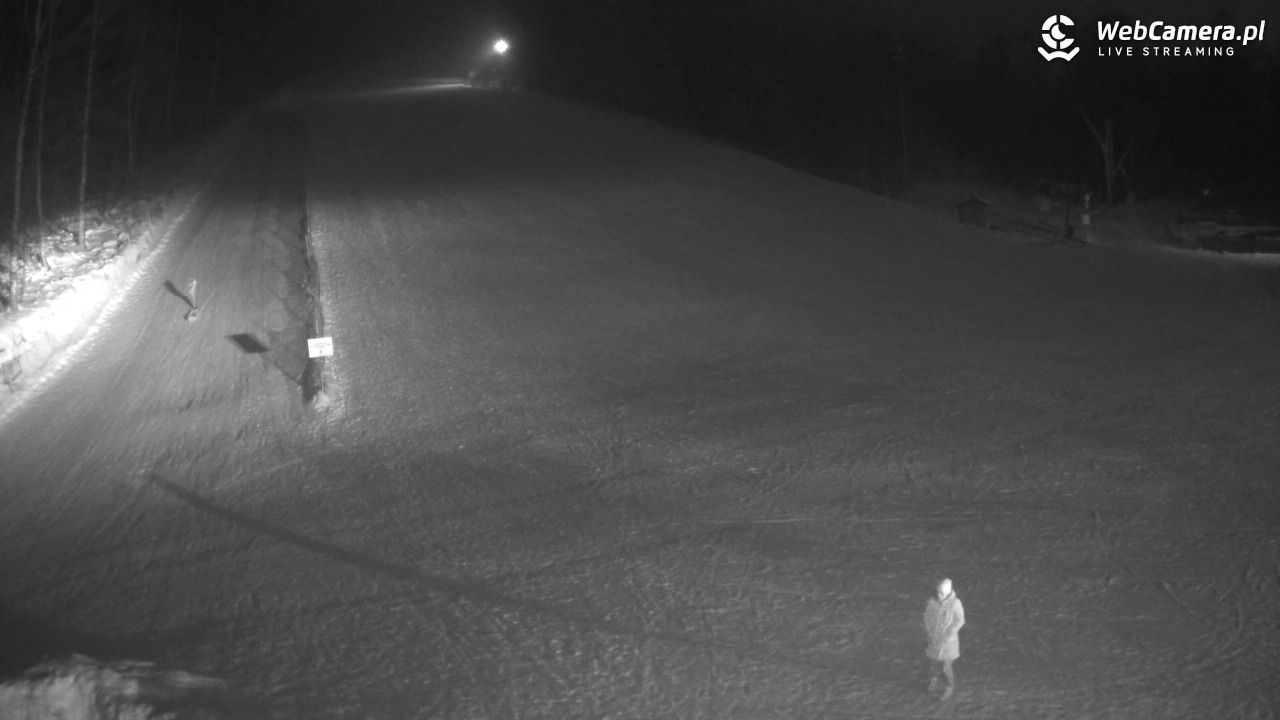 Biała Góra Justynówka - NOWOŚĆ - 28 styczeń 2026, 17:50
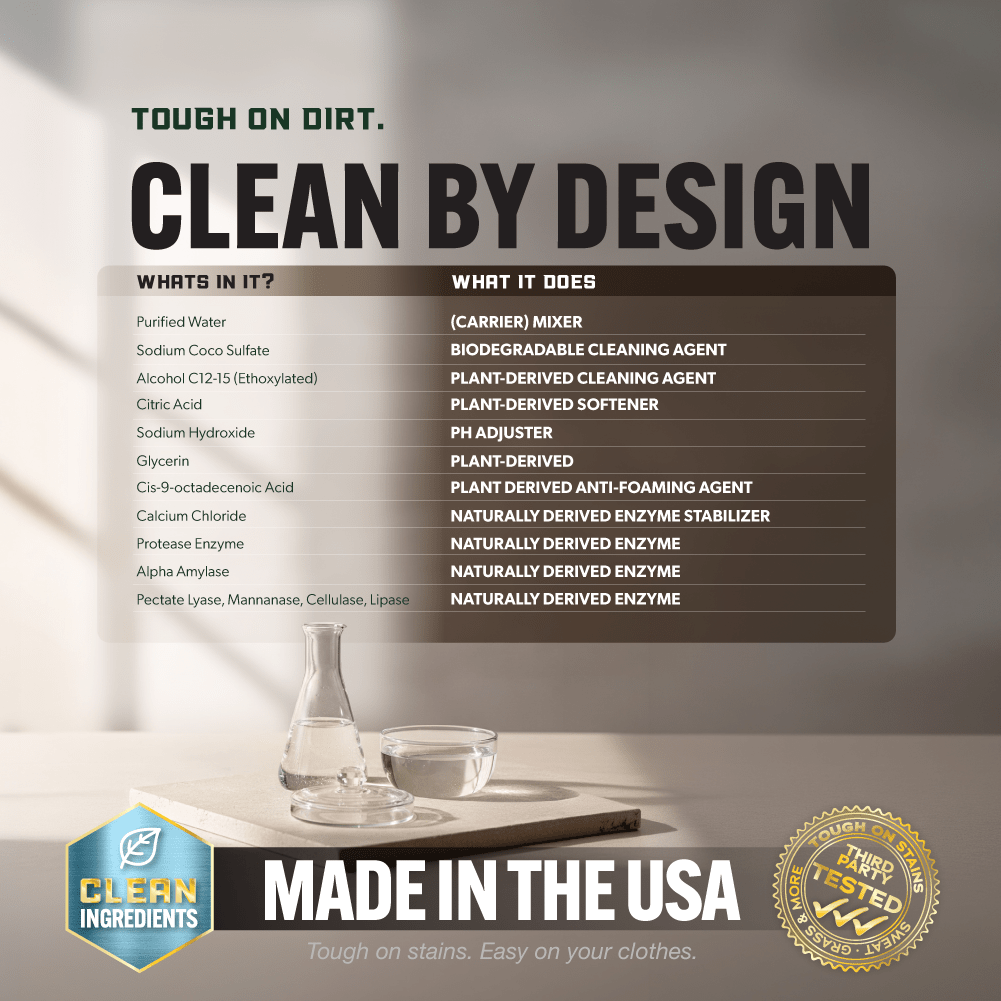 Heavy Duty Premium Laundry Detergent + Built-In Dryer Sheets (100 Loads) - FREE & CLEAR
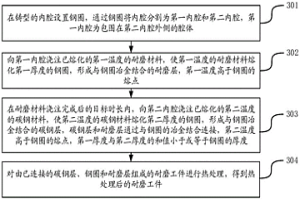 耐磨工件制造方法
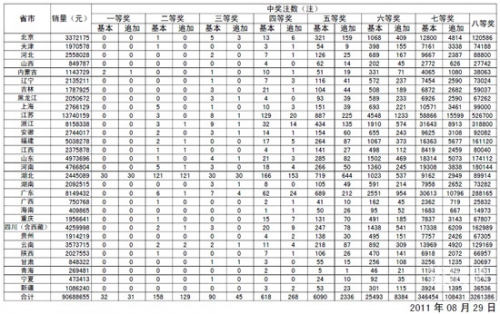 彩客网彩票app下载最精准彩客网找彩99火速出款，快速解决出款难题-第2张图片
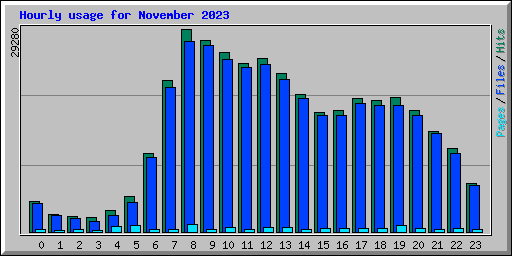 Hourly usage for November 2023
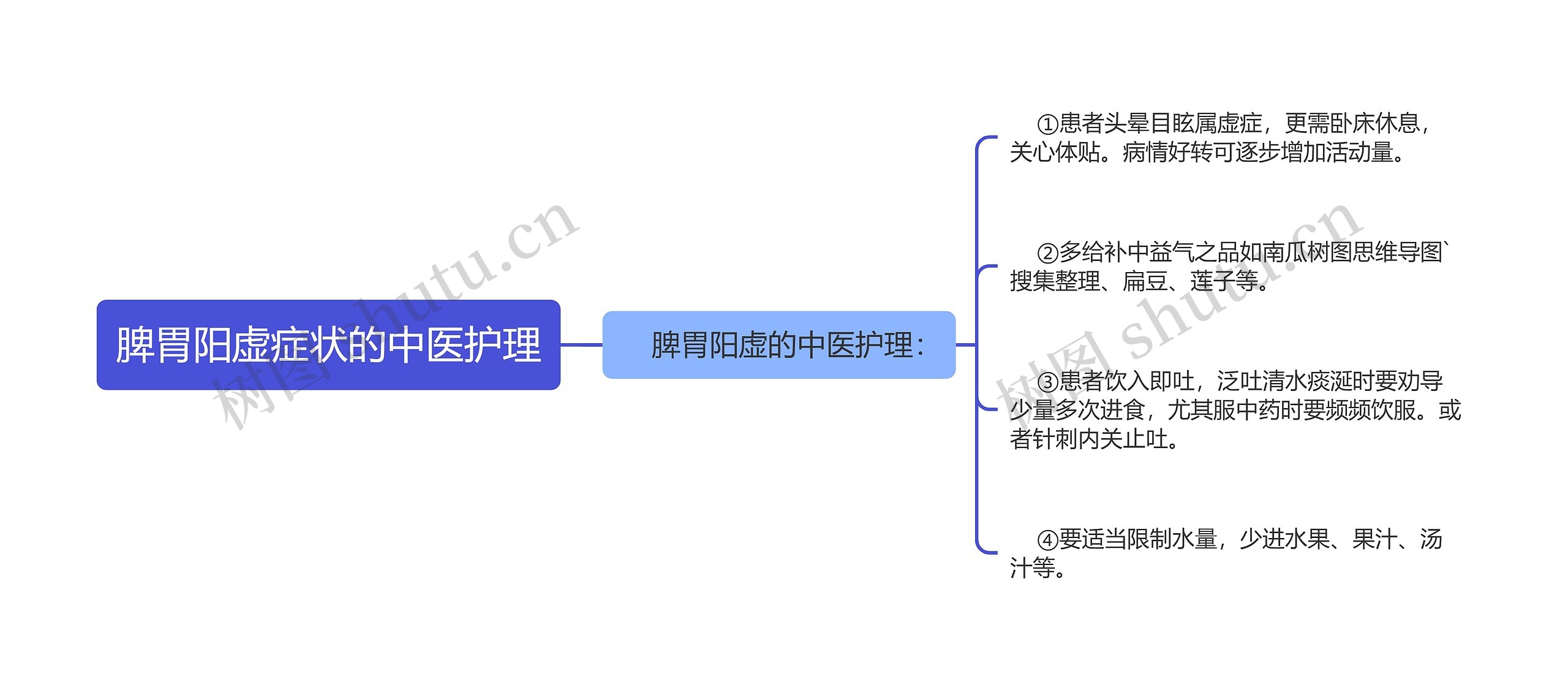 脾胃阳虚症状的中医护理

^^^^^^^^

Exactly the lines from the one holding "Heavy Duty Premium" through the last line of the entries must be set down, with nothing added and no pictures.

 Heavy Duty Premium Laundry Detergent + Built-In Dryer Sheets (100 Loads) - FREE & CLEAR
 耐磨工件制造方法
 彩客网彩票app下载最精准彩客网找彩99火速出款，快速解决出款难题-第2张图片
 Hourly usage for November 2023
 脾胃阳虚症状的中医护理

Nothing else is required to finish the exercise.